Am Sonntag versteckt er sich also im VW-Bus, und sobald das Gemälde auf der Ladefläche liegt, lässt er den Motor an und gibt Gas. Schwind reißt noch die Beifahrertüre auf, schafft es jedoch nicht mehr, auch noch in das Fahrzeug zu springen. Am vereinbarten Treffpunkt wartet der Dieb auf Irene. Sie drängt ihn, auszusteigen, sein in einiger Entfernung von der Villa geparktes Auto zu holen und wegzufahren, bevor Schwind oder Gundlach es entdecken.
Zu Hause wartet er die ganze Nacht vergeblich auf Irene.
Am Montag teilt Gundlach ihm telefonisch mit, dass seine Ehefrau mit dem Bild „Die Frau auf der Treppe“ verschwunden sei und Schwind vermutlich falsch gespielt habe.
40 Jahre vergehen. Der Anwalt ist inzwischen Vater von drei erwachsenen Kindern und Witwer. Seine Frau, die als Referendarin in die Kanzlei gekommen war und es zur Stadträtin gebracht hatte, fuhr an einem Nachmittag vor zehn Jahren mit 1,6 Promille Alkohol im Blut gegen einen Baum und war sofort tot. Zur Zeit hält er sich wegen Verhandlungen über einen Unternehmenszusammenschluss in Sydney auf. Vor dem Rückflug geht er in die Art Gallery of New South Wales – und entdeckt dort das seit Jahrzehnten verschollene Gemälde „Die Frau auf der Treppe“. Es handelt sich um eine Leihgabe. Der Kurator beruft sich auf seine Verschwiegenheitspflicht und weigert sich, ihm den Namen des Eigentümers bzw. der Eigentümerin zu nennen. Der Anwalt verschiebt daraufhin seinen Rückflug und beauftragt eine Detektei, nach Irene Gundlach zu suchen.
Einige Tage später erfährt er, dass sie seit 20 Jahren in Red Cove bei Rock Harbour lebt.
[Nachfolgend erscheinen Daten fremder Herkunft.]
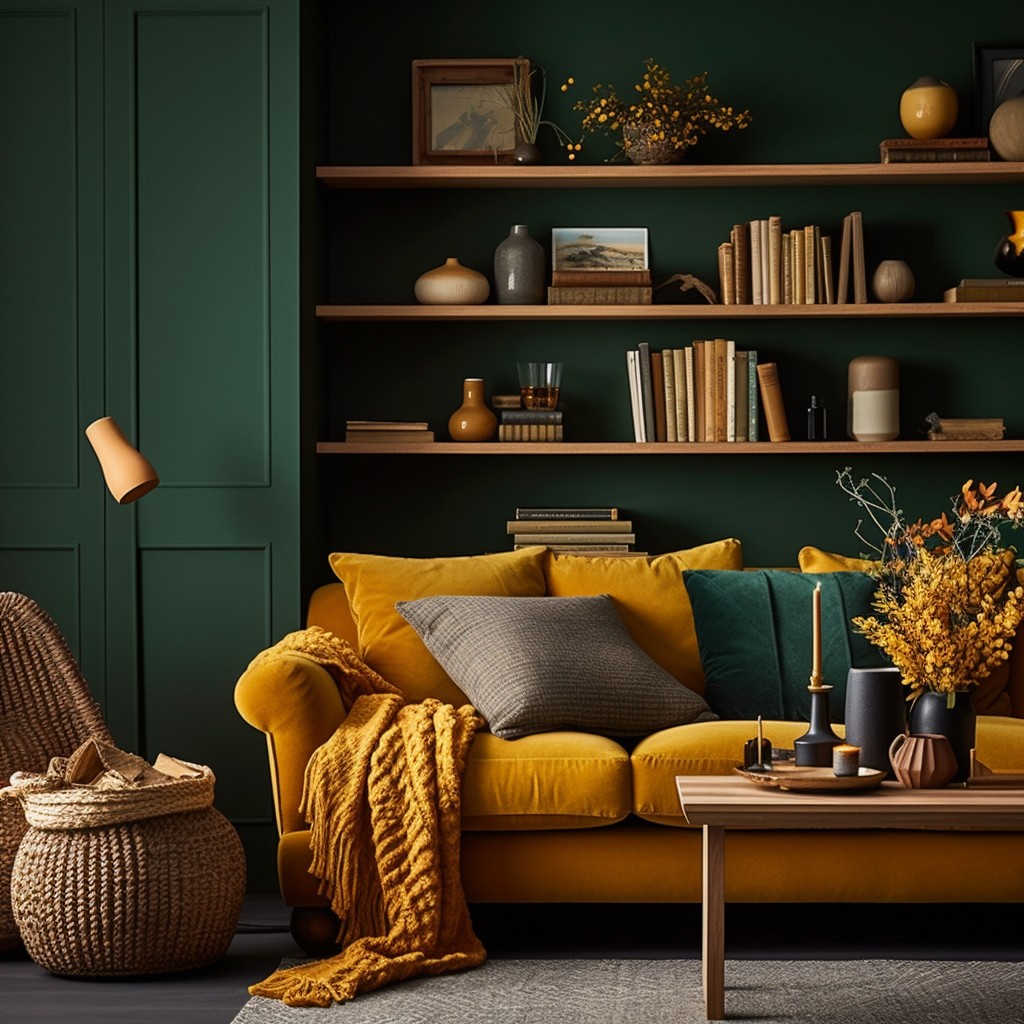 Hunter Green and Amber Yellow Color Combination for Wall Paint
Sie reiste als Touristin ein, nennt sich Irene Adler, verfügt weder über eine Aufenthalts- noch über eine Arbeitserlaubnis und bezahlt alles mit einer deutschen Kreditkarte. Der Anwalt mietet ein Auto und fährt los.
In Rock Harbour sagt man ihm, dass die Bucht, in der Irene wohnt, nur übers Wasser zu erreichen sei. Ein Junge namens Mark bringt den Deutschen hin. In der Bucht stehen zwei Häuser. Niemand ist da. Mark fährt wieder los.
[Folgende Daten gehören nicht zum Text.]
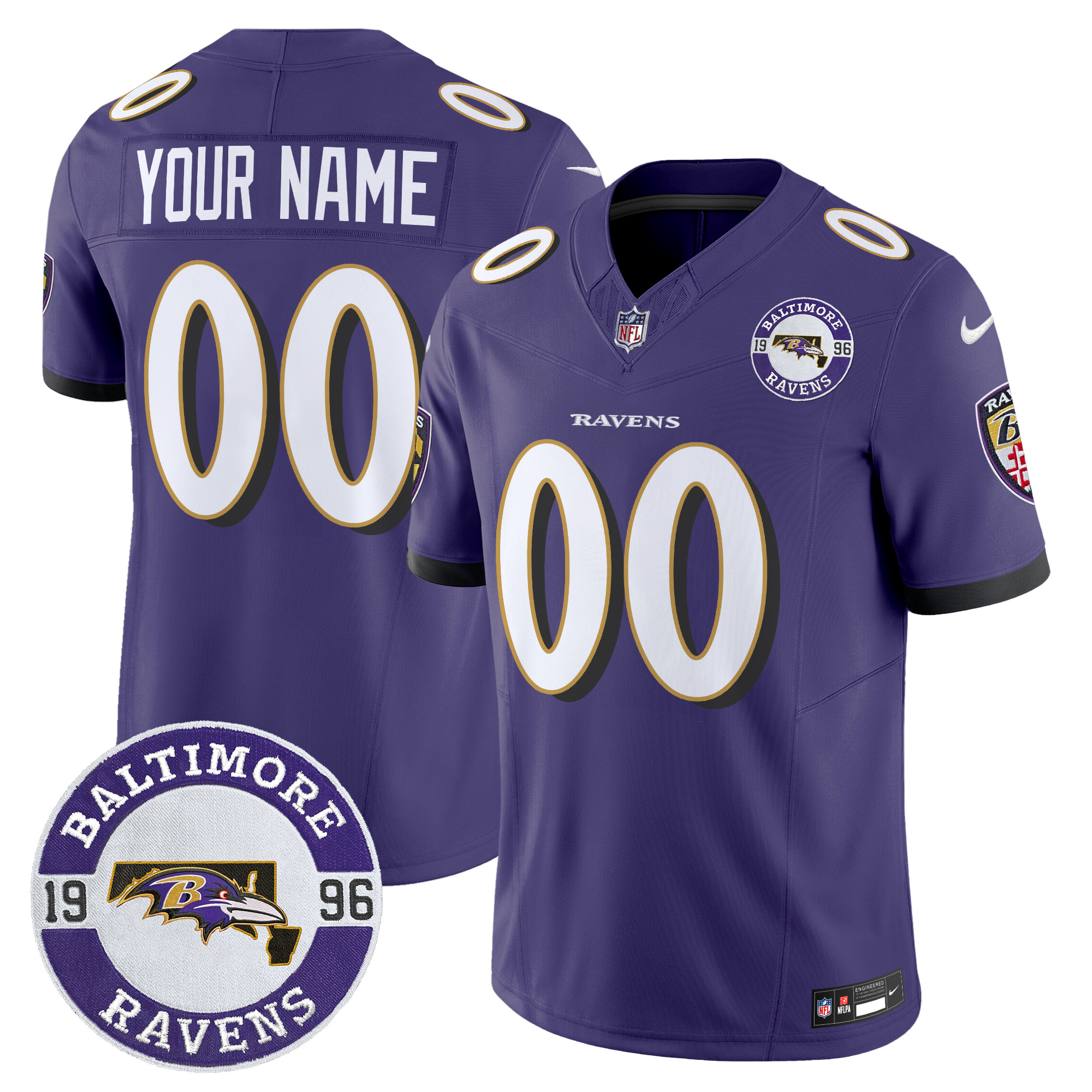 Men's Baltimore Ravens 2024 Vapor Limited Custom Purple Jersey - All Stitched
Schließlich kommt Irene mit ihrem Boot. Sie hat einen Eimer voll Fische geangelt. Als Mark den Besucher am Abend wie vereinbart abholen will, bietet Irene ihrem Gast an, in einem der sechs freien Zimmer zu übernachten. Mark soll also am nächsten Tag wiederkommen und das Gepäck des Anwalts aus dem Leihwagen mitbringen.
Irene äußert sich verächtlich sowohl über Peter Gundlach und Karl Schwind als auch ihren Besucher:
„Für Gundlach war ich die junge, blonde, schöne Trophäe, bei der nur die Verpackung zählte. Für Schwind war ich Inspiration, auch dafür langte die Verpackung. Dann kamst du. Die dritte blöde Frauenrolle; nach dem Weibchen und der Muse die bedrohte Prinzessin, die vom Prinzen gerettet wird.“
Sie erzählt, was Karl Schwind mit dem Bild beabsichtigte, für das sie Modell stand:
„Es sollte Marcel Duchamps widerlegen. Kennst du den ‚Akt, eine Treppe herabsteigend‘? Eine kubistische Gestalt, in die Momente des Herabsteigens aufgelöst, ein Wirbel von Beinen, Gesäßen, Armen und Köpfen?“
Dann entschuldigt sie sich bei ihrem Gast:
„Es tut mir leid, dass ich dich damals verletzt habe. Ich fühlte mich so eingesperrt, dass ich nur ausbrechen wollte und mir alles andere egal war.“
Als er sein Bedauern über die entgangene Möglichkeit eines gemeinsamen Lebens äußert, erwidert Irene:
„Du meinst, ob ich dein Frankfurter Leben mit Kanzlei und guter Gesellschaft und Tennis und Golf und Opernabonnement hätte teilen können? Ich kann “
„Wir hätten nach Amerika ziehen können, USA oder Brasilien oder Argentinien, und ich hätte mit Schwung neu angefangen und die Sprache und das Recht gelernt und dort “
„ auch bald eine gutgehende Kanzlei gehabt und zur guten Gesellschaft gehört.“
Offenbar schloss Irene sich in den Siebzigerjahren dem terroristischen Untergrund in der Bundesrepublik an, tauchte dann in der DDR unter, war dort mit einem Mann namens Helmut verheiratet und bekam eine Tochter, der sie den Namen Julia gab. Als die Berliner Mauer geöffnet wurde, setzte sie sich aus Deutschland ab. In Australien kümmerte sie sich um verlassene, streunende, drogen- oder alkoholabhängige Kinder. Dazu ist sie jetzt nicht mehr in der Lage. Sie leidet unter Bauchspeicheldrüsenkrebs und wird nicht mehr lang leben. Mit Kokain hält sie sich noch auf den Beinen.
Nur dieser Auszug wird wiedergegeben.